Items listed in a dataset
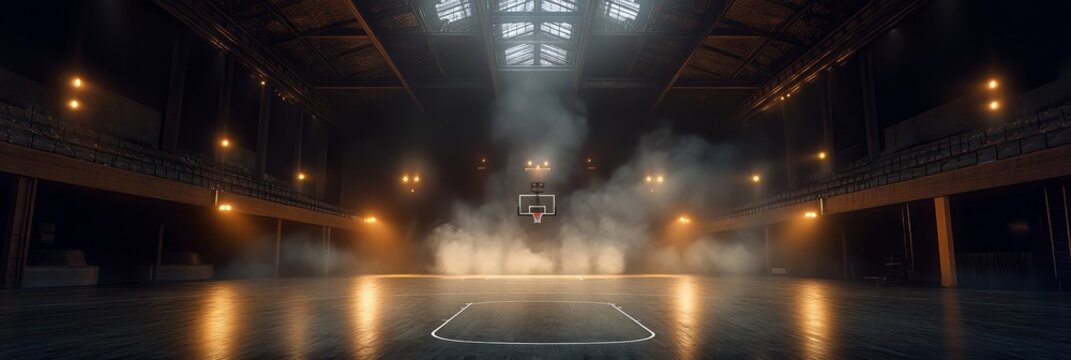 Empty Basketball Court in a Stadium with Theatrical Smoke Effects and Bright Lights, Indoor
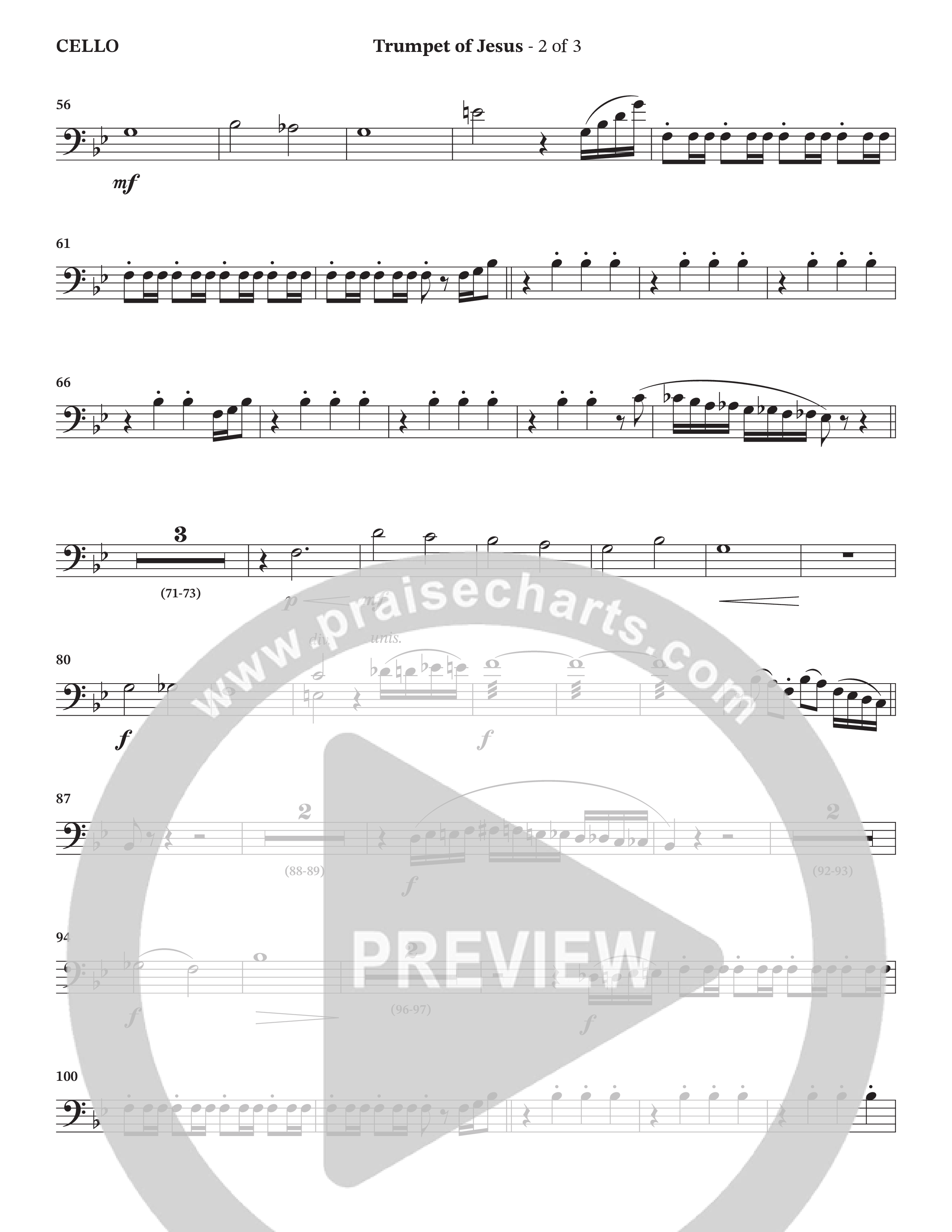 Trumpet Of Jesus (Choral Anthem SATB) Cello (Charles Billingsley / Russ Taff / Arr. Wayne Haun)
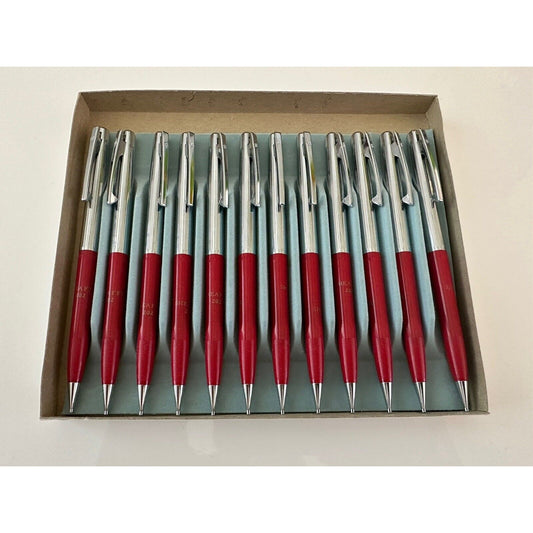 VINTAGE *NEW* Sheaffer Set of 12 Red 202 Mechanical Pencils
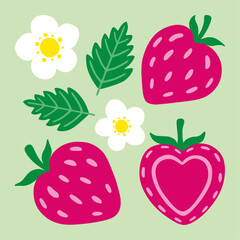 Hand Drawn Vector Strawberries with Strawberry Flowers and Leaves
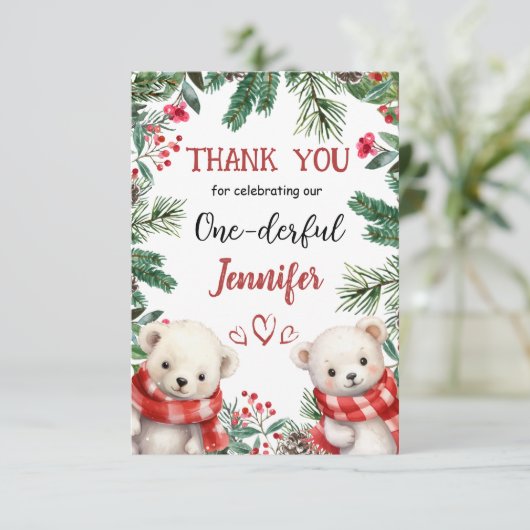 Schattige Beer Kerst 1° Verjaardag Dank u kaart (Staand voorkant)
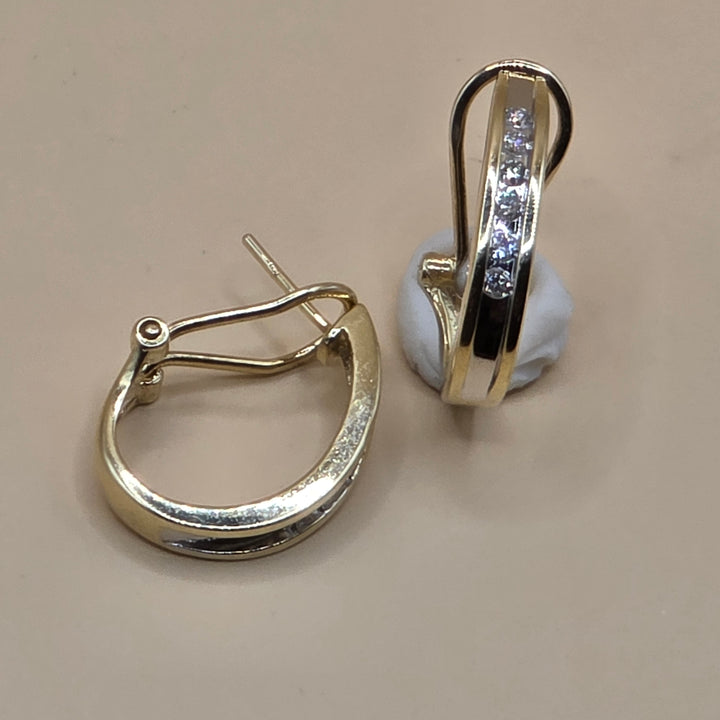 14K Gold & Pave Diamond Mini Half-Hoop Earrings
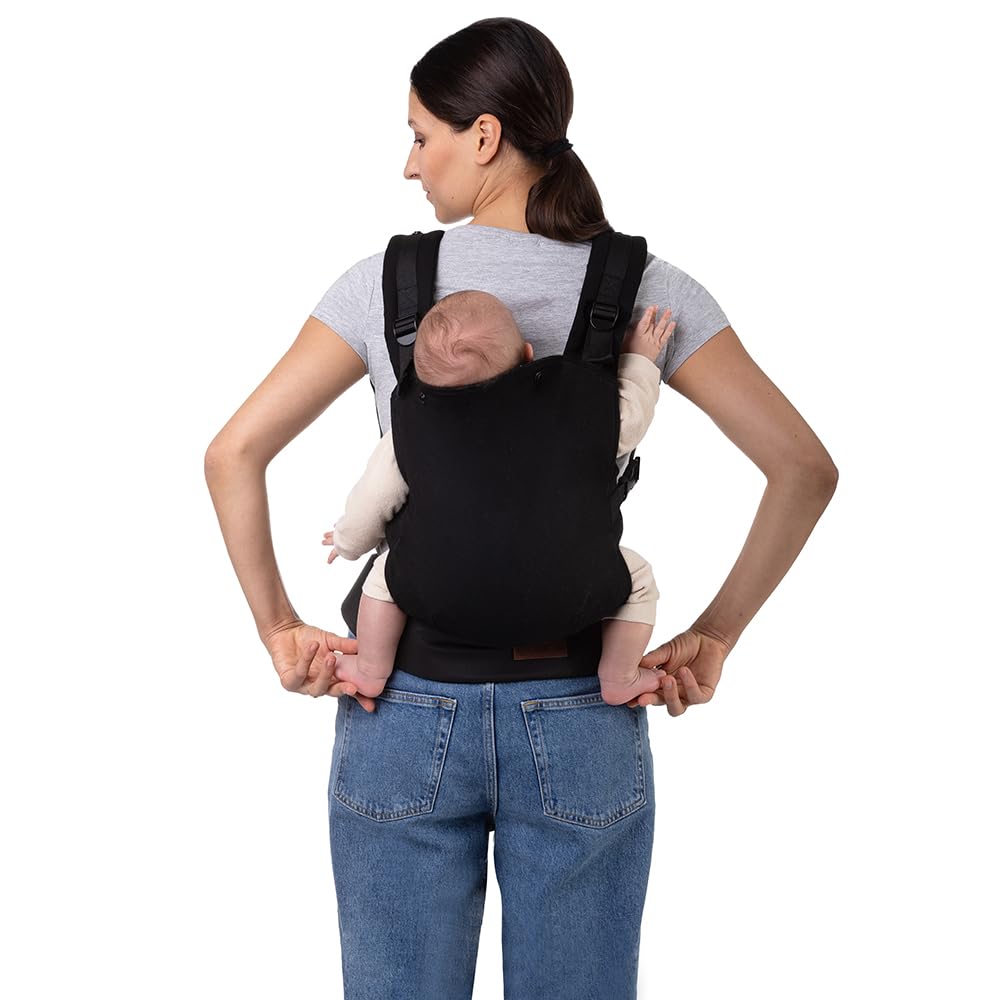 Marsupio MoMi COLLET per bambini di 3-48 mesi (peso 4-20 kg), 2 posizioni di sostegno con 6 punti di regolazione, con cappuccio e poggiatesta per il bambino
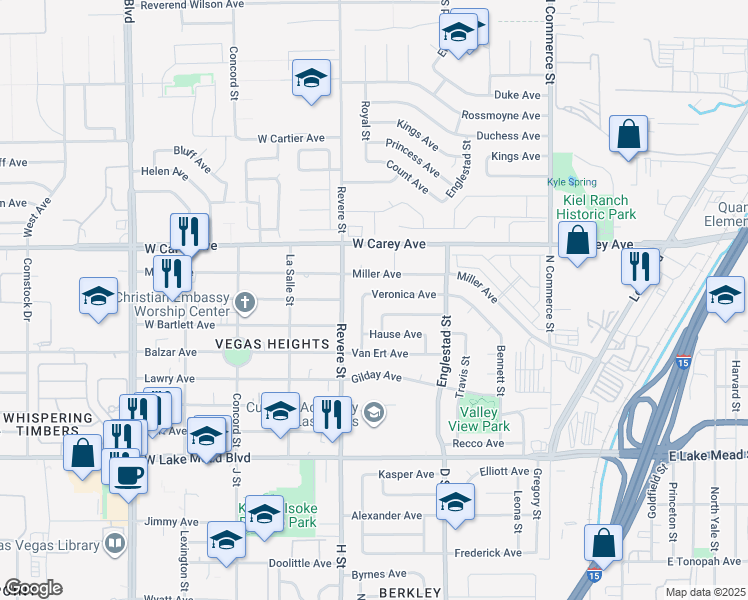 map of restaurants, bars, coffee shops, grocery stores, and more near 717 Veronica Avenue in North Las Vegas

* **Work order**:
Could you repeat, exactly and with nothing else, the lines from the first line of the records through the line containing "Marsupio MoMi COLLET"? Leave out the pictures.

* **Answer to the exercise**:
 Empty Basketball Court in a Stadium with Theatrical Smoke Effects and Bright Lights, Indoor
 Trumpet Of Jesus (Choral Anthem SATB) Cello (Charles Billingsley / Russ Taff / Arr. Wayne Haun)
 VINTAGE *NEW* Sheaffer Set of 12 Red 202 Mechanical Pencils
 Hand Drawn Vector Strawberries with Strawberry Flowers and Leaves
 Schattige Beer Kerst 1° Verjaardag Dank u kaart (Staand voorkant)
 14K Gold & Pave Diamond Mini Half-Hoop Earrings
 Marsupio MoMi COLLET per bambini di 3-48 mesi (peso 4-20 kg), 2 posizioni di sostegno con 6 punti di regolazione, con cappuccio e poggiatesta per il bambino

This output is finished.